Yet more emphasis should be put on matching the increasing demand for property management professionals
HONG KONG, Jan. 15, 2014 /PRNewswire/ -- The Hong Kong Institute of Housing ("HKIH") supports the latest policies to increase housing and land supply as unveiled by the Chief Executive during the Policy Address announcement. With foreseeable increase in housing supply, demand for property management professionals will increase drastically. In view of this, HKIH highly recommends the Government to increase resources and subsidy to support training and development of the profession as well as expediting the implementation of the licensing regime in order to enhance professional property management standard as a whole. HKIH also suggests the Government to formulate more comprehensive and sustainable development plan to cater for additional resources required by communities with increase in housing stocks.
In the Policy Address, one of the sources to increase housing supply is to convert the existing public community space and green zone with low utilization rate to high density residential use. This can effectively provide adequate public and private housings as to strike a better balance between demand and supply. The Government targets to provide 470,000 residential units in the upcoming 10 years, HKIH estimates there will be an additional demand for at least 800 professional property managers and 4,000 supervisory frontline property management practitioners. This will insert huge pressure on the need for more professionals from the industry. Although currently there are approximately 300 graduates from the recognized property management programs every year, HKIH still estimates an urgent need to supply an additional 150 - 200 qualified new bloods per year to join the market workforce. HKIH urges the Government to provide more financial aids to related academic institutions so as to launch more property management courses. The Government can also consider subsidizing directly the full-time and part-time students of property management courses with an aim to nurture more professionals to cope with the future huge demand resulting from the increase in housing supply.

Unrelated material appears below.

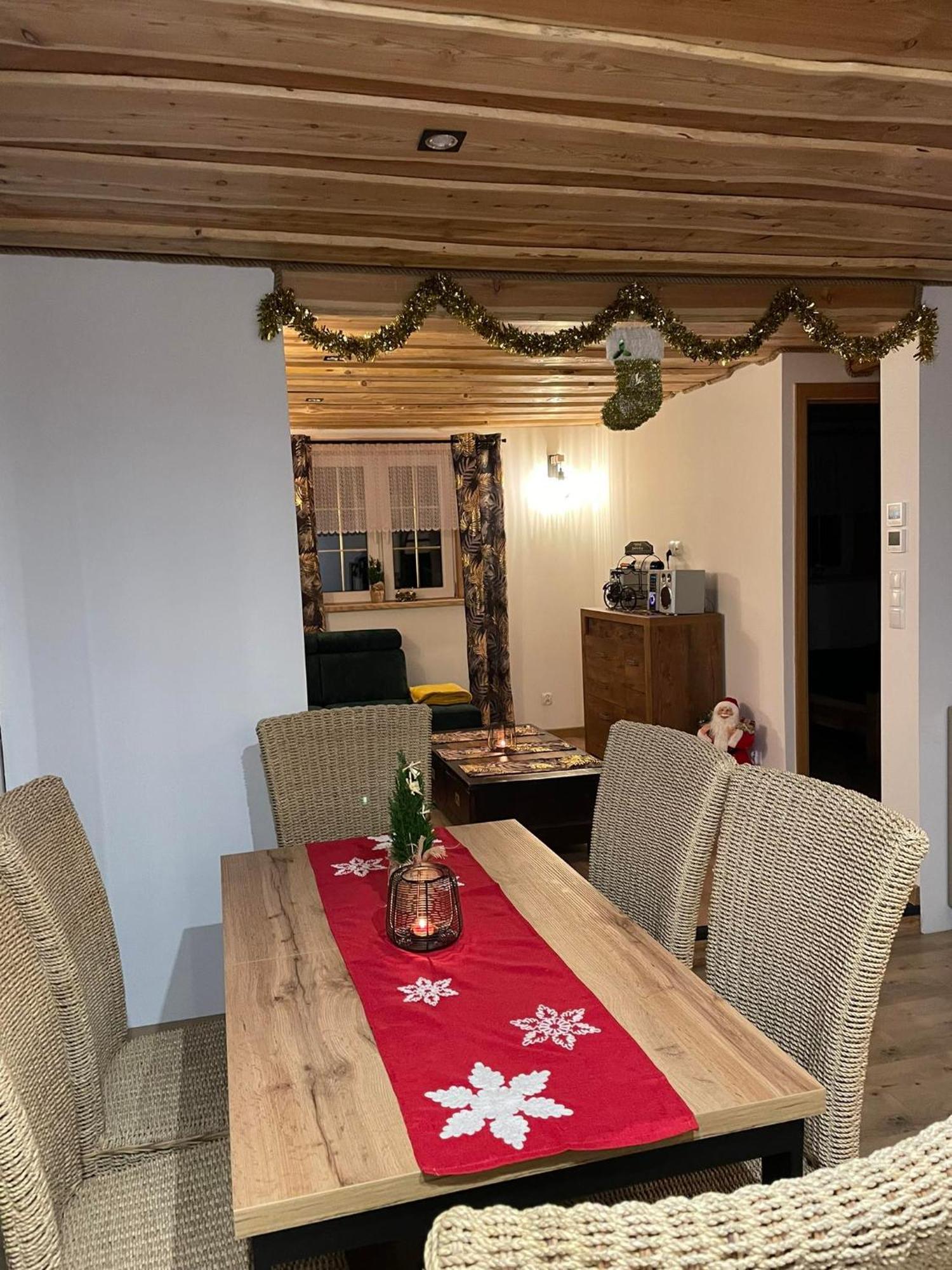 Jaskowa Chata Bieszczady Apartament Z Basenem Baligród Exteriör bild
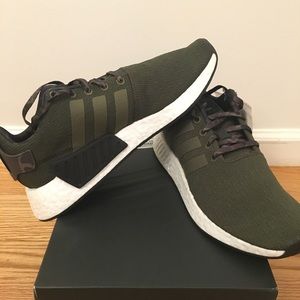 adidas camo vinyl nmd r2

Nowadays, the general public shows keen concern on the quality and quantity of property management professionals, HKIH wishes to see the early implementation of the licensing regime, so that property management profession can be well-recognised and future licensed practitioners at supervisory level or above must comply with the 3 strict requirements which include academic qualifications, related local working experience and professional qualifications. With effective enactment of the licensing scheme, more professionals will be attracted to join the field and in return, it will benefit both the property owners and occupants.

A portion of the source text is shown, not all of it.